Pina Bausch’un eserlerinde kostüm önemli bir unsurdur. Geleneksel toplumsal cinsiyet rolleri, onun içini deştiği, kadın ve erkek arasındaki imkansız ilişkiyi açığa çıkartmak için stereotipik unsurları kullandığı bir alan olur. Bausch’un kadınları ve erkekleri sahnede kadınlar ve erkekler olarak görünür, birbirlerine umutsuzca ulaşmaya çalışırlar, ancak çoğunlukla bu çaba mutlu sona ulaşamaz.

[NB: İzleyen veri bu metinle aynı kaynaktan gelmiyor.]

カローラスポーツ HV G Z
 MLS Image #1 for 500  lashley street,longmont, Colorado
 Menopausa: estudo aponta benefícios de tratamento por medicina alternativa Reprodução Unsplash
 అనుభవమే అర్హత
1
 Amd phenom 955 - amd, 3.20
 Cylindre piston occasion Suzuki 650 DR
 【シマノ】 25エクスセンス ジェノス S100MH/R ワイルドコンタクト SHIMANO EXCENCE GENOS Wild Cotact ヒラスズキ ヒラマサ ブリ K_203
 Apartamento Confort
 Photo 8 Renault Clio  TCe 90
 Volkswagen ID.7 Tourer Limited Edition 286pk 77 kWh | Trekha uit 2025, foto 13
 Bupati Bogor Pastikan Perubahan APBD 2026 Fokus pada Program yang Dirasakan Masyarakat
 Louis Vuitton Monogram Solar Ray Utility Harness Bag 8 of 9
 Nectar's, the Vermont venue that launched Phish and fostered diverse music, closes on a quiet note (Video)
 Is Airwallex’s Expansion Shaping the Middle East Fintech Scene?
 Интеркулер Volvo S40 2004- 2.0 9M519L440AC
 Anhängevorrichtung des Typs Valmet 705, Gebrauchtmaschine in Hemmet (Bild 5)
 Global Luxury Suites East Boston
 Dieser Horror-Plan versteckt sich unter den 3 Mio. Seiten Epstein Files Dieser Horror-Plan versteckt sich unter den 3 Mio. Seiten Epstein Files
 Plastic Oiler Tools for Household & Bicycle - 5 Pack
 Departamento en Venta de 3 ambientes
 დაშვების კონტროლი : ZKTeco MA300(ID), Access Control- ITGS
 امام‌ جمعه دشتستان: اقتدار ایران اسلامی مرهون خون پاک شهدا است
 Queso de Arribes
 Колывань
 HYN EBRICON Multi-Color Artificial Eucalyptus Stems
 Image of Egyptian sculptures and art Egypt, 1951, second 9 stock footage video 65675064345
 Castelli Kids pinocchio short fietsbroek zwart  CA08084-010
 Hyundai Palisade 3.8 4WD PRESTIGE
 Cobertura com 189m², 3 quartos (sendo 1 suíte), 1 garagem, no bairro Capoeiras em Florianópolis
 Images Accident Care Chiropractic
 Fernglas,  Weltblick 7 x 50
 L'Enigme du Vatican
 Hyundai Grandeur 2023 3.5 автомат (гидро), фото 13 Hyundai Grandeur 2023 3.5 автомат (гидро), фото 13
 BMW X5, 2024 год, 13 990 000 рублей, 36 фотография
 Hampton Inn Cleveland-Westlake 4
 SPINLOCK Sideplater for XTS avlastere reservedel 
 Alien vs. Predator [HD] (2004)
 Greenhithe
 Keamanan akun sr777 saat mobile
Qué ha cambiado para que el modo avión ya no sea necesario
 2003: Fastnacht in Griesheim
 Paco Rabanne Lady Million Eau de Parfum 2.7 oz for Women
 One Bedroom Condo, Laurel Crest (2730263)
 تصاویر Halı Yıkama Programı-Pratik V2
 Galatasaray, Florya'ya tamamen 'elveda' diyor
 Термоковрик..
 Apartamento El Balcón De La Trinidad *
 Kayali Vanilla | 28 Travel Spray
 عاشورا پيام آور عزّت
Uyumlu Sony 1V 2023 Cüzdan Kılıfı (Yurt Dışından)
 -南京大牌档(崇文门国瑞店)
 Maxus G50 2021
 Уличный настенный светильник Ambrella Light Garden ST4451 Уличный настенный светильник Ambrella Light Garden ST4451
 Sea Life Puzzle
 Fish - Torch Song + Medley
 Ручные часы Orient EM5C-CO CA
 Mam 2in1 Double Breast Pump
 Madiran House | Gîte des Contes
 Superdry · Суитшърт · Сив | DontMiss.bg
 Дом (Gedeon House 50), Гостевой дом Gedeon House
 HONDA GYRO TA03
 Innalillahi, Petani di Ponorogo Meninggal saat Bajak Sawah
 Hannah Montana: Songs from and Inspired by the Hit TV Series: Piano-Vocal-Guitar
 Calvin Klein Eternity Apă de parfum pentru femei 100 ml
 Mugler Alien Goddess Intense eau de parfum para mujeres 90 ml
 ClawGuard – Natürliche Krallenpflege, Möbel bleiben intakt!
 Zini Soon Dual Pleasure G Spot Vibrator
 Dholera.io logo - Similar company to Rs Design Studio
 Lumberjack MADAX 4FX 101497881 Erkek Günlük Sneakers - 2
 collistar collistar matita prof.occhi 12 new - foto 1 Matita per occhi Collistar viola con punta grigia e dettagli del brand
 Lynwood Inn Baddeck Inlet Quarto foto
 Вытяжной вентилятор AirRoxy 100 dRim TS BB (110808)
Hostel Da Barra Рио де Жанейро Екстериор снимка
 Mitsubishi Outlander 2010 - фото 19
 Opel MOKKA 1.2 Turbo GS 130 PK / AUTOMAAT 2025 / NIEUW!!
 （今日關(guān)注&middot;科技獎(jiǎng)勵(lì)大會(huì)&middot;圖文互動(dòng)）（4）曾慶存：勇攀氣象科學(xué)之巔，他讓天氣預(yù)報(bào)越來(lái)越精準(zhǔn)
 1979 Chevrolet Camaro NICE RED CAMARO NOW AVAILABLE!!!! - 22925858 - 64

Kadınlar kombinezonlar, gecelikler, topuklu ayakkabılar, uçuşan elbiseler giyer; erkekler takım elbise, gömlek ve pantolon veya bazen sadece pantolon giyerler.  Sahnede kostüm toplumsal cinsiyet rollerinin şüpheye yer bırakmayacak berraklıkta görünmesini sağlar. Ancak bu rolleri üstlenmek bir beladır, kadınlar ve erkekler bu rollerin konumlarından birbirlerine baktıklarında, ellerini uzattıklarında birbirlerine ulaşamaz ve aralarında bağ kuramazlar. Bausch’un kadınları ve erkekleri, onlara belirli şekilde sarılmayı buyuran jestlerin içinden umutsuzca gerçek kucaklaşmayı arar dururlar. 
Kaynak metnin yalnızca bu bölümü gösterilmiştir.